Getting fresh, analysis-ready data into your Snowflake warehouse can often feel like a race against time. Traditional batch ETL processes, while reliable, can introduce delays, meaning your insights are always a few hours (or more) behind reality. What if you could shrink that latency window significantly, and have data arrive in Snowflake already transformed and prepared for your BI tools and queries?

That's exactly what RisingWave's new Snowflake sink connector enables.

For those new to us, RisingWave is a unified real-time data platform designed to ingest, process, and transform event stream data as it arrives. It's not just about where the data goes; RisingWave is also incredibly flexible about where it comes from. It can readily ingest data from popular streaming platforms like Apache Kafka or Apache Pulsar, tap into change data capture (CDC) streams from your transactional databases (like PostgreSQL or MySQL), or consume event streams generated by interactions between your applications and microservices. Think of it as a powerful engine that can perform complex SQL-based computations (joins, aggregations, windowing) on all this diverse data in real-time.

Now, with our Snowflake sink connector, you can build a continuous bridge from RisingWave directly into your Snowflake tables. So, what does this mean for your data in Snowflake and how you work with it?

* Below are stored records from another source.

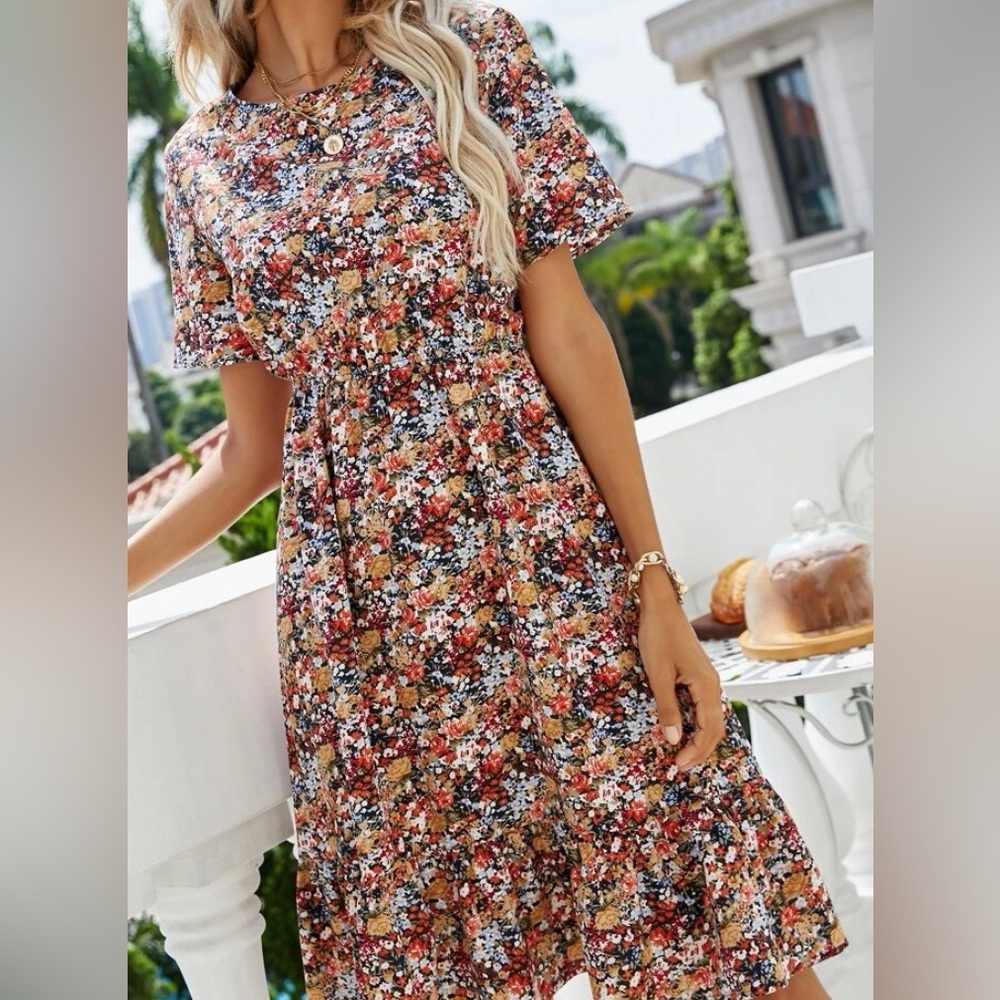 SHEIN floral t-shirt dress size medium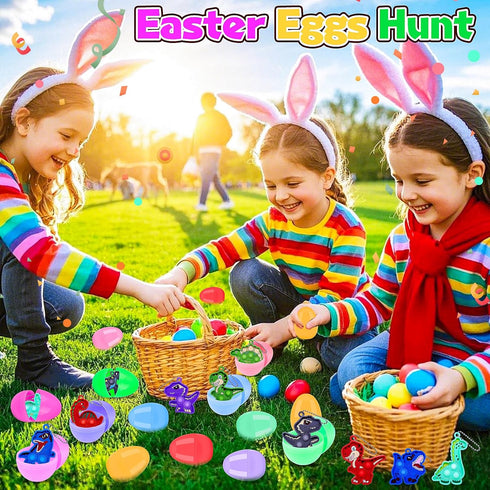 24 Pack 2.7inch Kiss Monkey Prefilled Easter Eggs with Toys, Easter Eggs Filled with Dinosaur Pop Toys, Easter Basket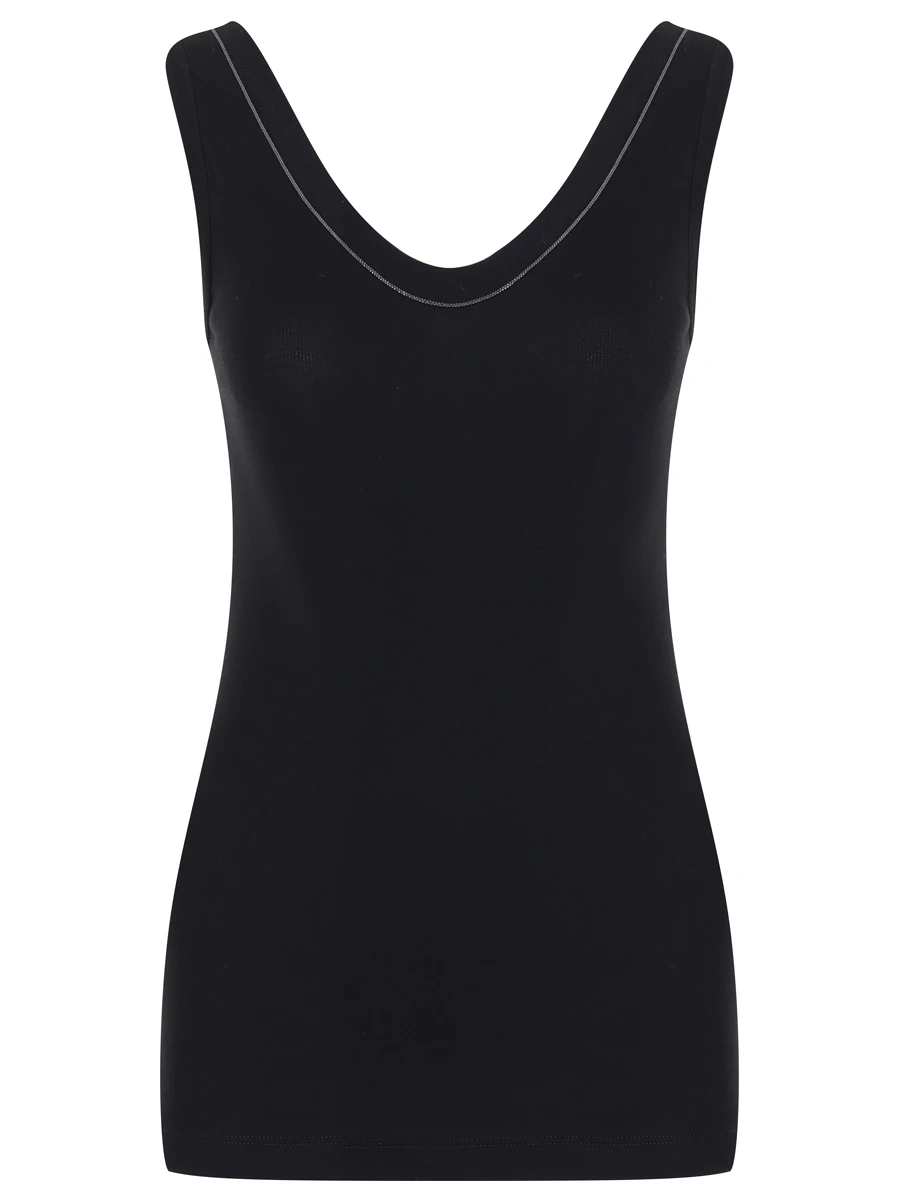 Топ хлопковый BRUNELLO CUCINELLI M0TC8BJ312 C101 Черный 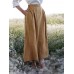 Solid Elastic Waist Linen Cotton Skirts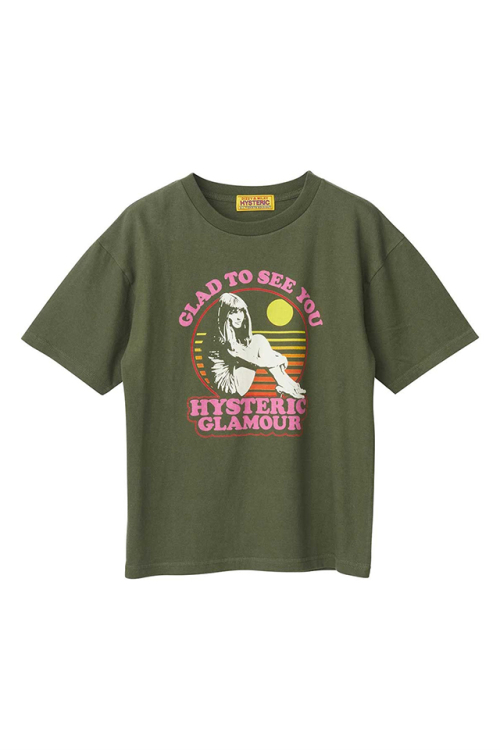 HYSTERIC GLAMOUR ヒステリックグラマー 01263CT02 GLAD TO SEE YOU Tシャツ KHAKI 正規通販 レディース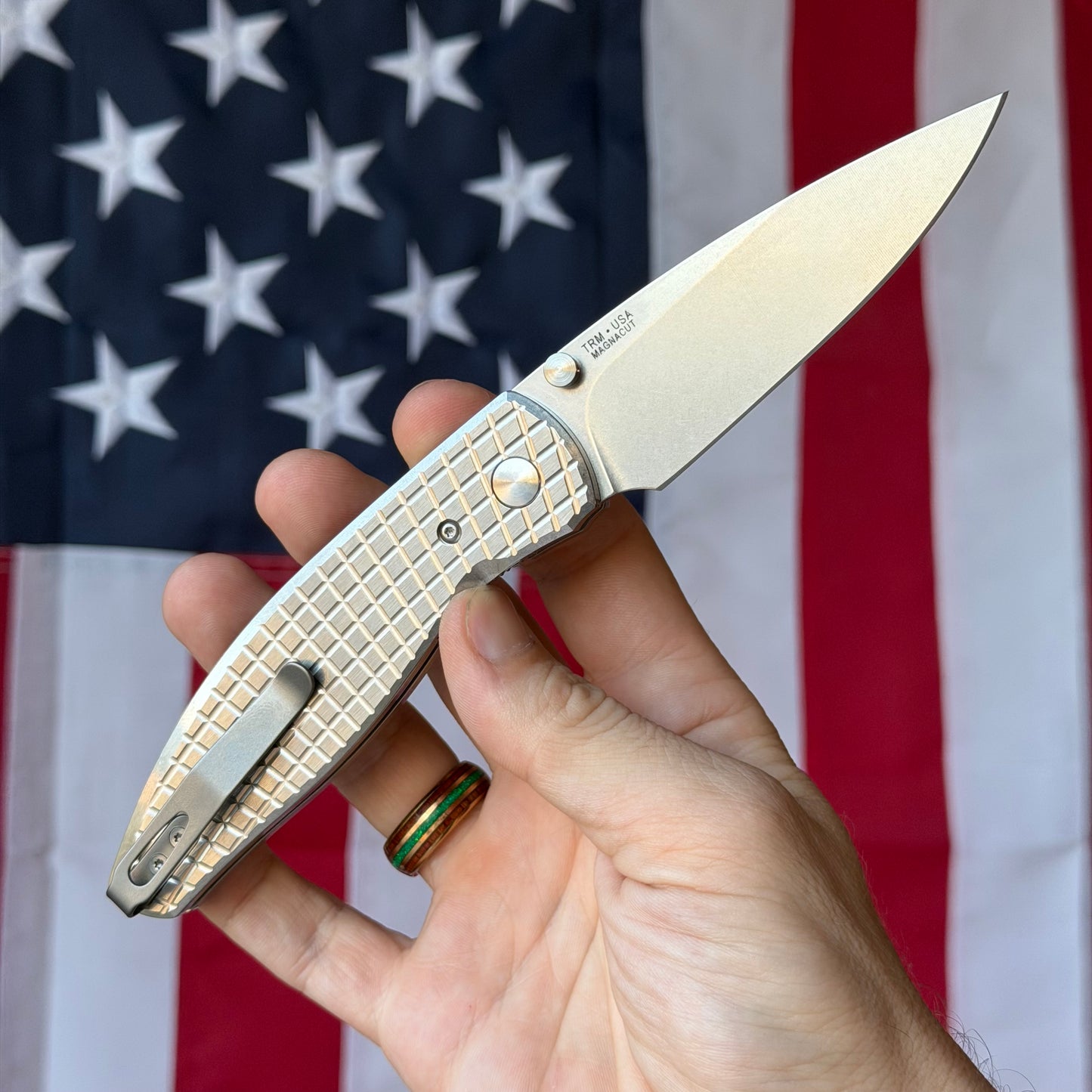 TRM ATOM 3.5" Linerlock – Titanium Frag Flat Scales, MagnaCut Tumbled, Custom Ti Clip – Made in USA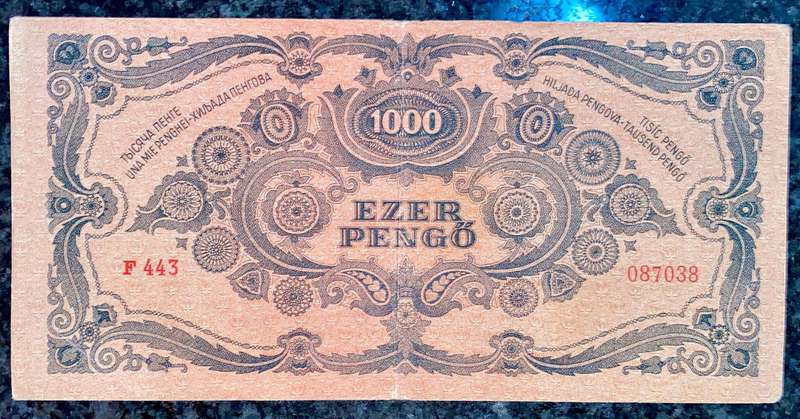 Hungary 1000 pengo 1945 WW2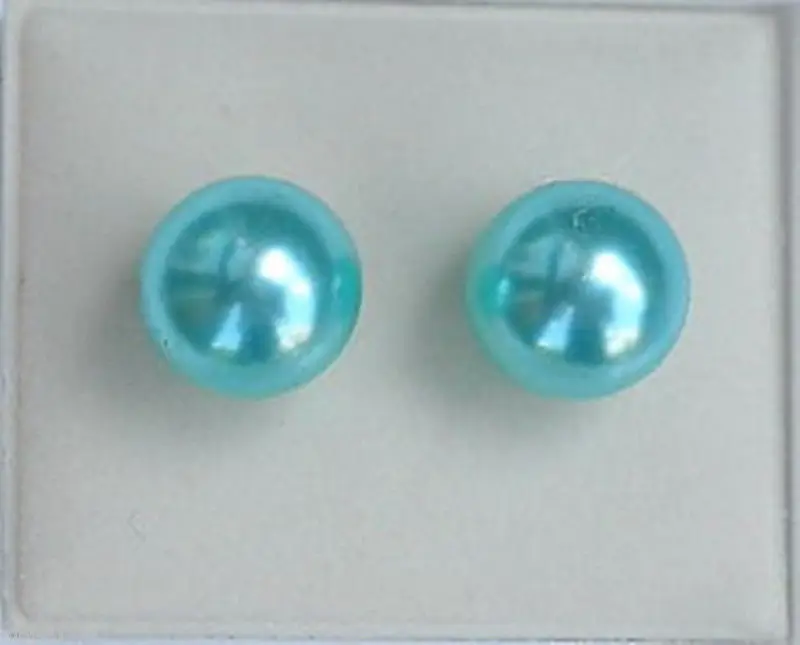 

ry00852 Genuine Natural 7-8mm Blue Freshwater Pearl Stud Earrings A0422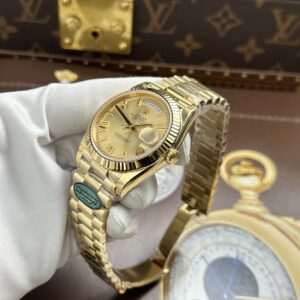 Đồng hồ Rolex Day-Date Rep cao cấp mặt vàng champagne nặng 212 gram bộ máy calibre 3255 xưởng RC 40mm (2)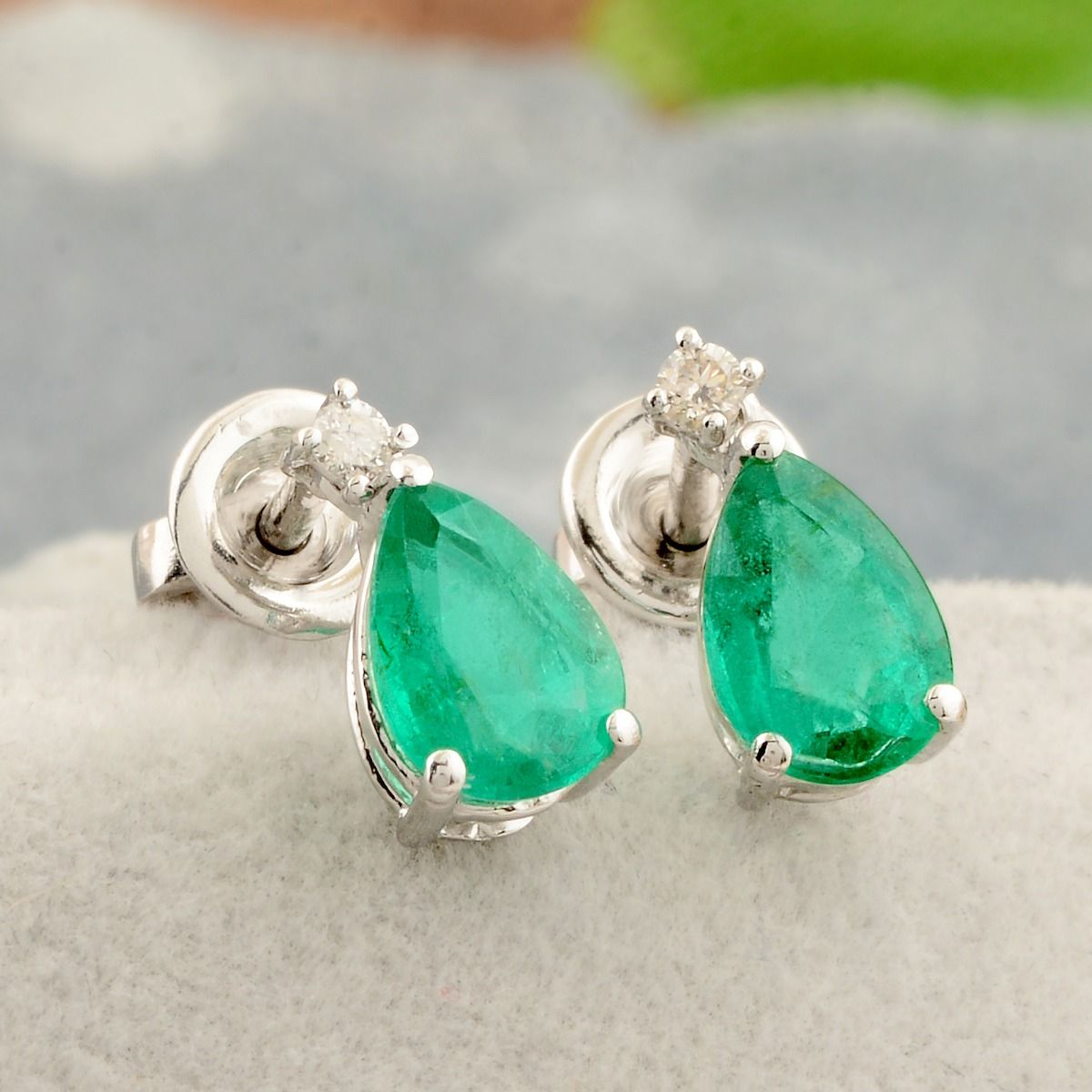 Zambian Emerald Gemstone 1.29 TCW 10k White Gold Stud Earring |Diamond Stud Earrings | Minimalist Stud Earring s|Jewelry For Women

Get Data Sooner, Act Faster: The most immediate impact is on data freshness. Instead of waiting for batch jobs to periodically collect, transform, and load, RisingWave streams processed data continuously. This means the data landing in Snowflake is always fresh, reflecting the latest events, and making your dashboards and reports truly current.
Simplify Your Data Prep: A lot of the heavy lifting happens before your data even reaches Snowflake. RisingWave excels at handling complex data transformations, enrichments, and aggregations in-flight. Imagine joining multiple streams, calculating running totals, or filtering events based on intricate logic – all this is done within RisingWave. The result? Data arriving in Snowflake is clean, structured, and immediately usable. This can significantly simplify your transformation logic within Snowflake and potentially reduce your compute costs there.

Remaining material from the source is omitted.